Like a conventional dot product, we have a sum of paired products of coordinates, but unlike the conventional Euclidean dot product, we also have weighting factors (the eigenvalues.)

In geometric algebra, the eigenvalues of the quadradic form that is used to define the dot product, usually have values $ \pm 1, 0 $, and those are used to describe the signature. For example, the geometric algebra for a Euclidean space has only 1's, and STA has values $ \pm (1,-1,-1,-1) $ along the diagonal. PGAs and CGAs bring in other values for the diagonal.

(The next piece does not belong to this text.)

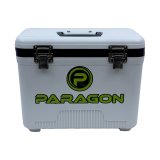 Cooler - Viking - Water System - 14 in L x 9.5 in W x 11 in H - 12 Liter - Plastic - White - Each thumbnail 1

One could define a GA that had other eigenvalues. Many of the identities are going to be independent of the choice of quadratic form that is used to represent the dot product. For instance, we still start with the contraction axiom to define the product of a vector with itself

$\mathbf{x}^2 = \mathbf{x} \cdot \mathbf{x}.$

An immediate implication of this is

$\left( { \mathbf{a} + \mathbf{b} } \right)^2 = \left( { \mathbf{a} + \mathbf{b} } \right) \cdot \left( { \mathbf{a} + \mathbf{b} } \right).$

Expanding both sides, we have in turn

$\left( { \mathbf{a} + \mathbf{b} } \right)^2 = \mathbf{a}^2 + \mathbf{b}^2 + \mathbf{a} \mathbf{b} + \mathbf{b} \mathbf{a} = \mathbf{a} \cdot \mathbf{a} + \mathbf{b} \cdot \mathbf{b} + \mathbf{a} \mathbf{b} + \mathbf{b} \mathbf{a},$

and

$\left( { \mathbf{a} + \mathbf{b} } \right) \cdot \left( { \mathbf{a} + \mathbf{b} } \right) = \mathbf{a} \cdot \mathbf{a} + \mathbf{b} \cdot \mathbf{b} + \mathbf{a} \cdot \mathbf{b} + \mathbf{b} \cdot \mathbf{a}.$

Equating the two, we find the usual identity

$\mathbf{a} \cdot \mathbf{b} = \frac{1}{{2}} \left( { \mathbf{a} \mathbf{b} + \mathbf{b} \mathbf{a} } \right).$

This expression for the dot product is not only independent of coordinates, but also holds when the dot product for the space has an arbitrary symmetric quadradic form. When the basis for the space coincides with a set of orthonormal eigenvectors for that quadradic form, the computation of that dot product, given coordinates with respect to that basis, will be particularly simple.

One need not necessarily use an orthonormal basis, nor does one have to assert that the diagonalized metric have only $\pm 1, 0$ eigenvalues.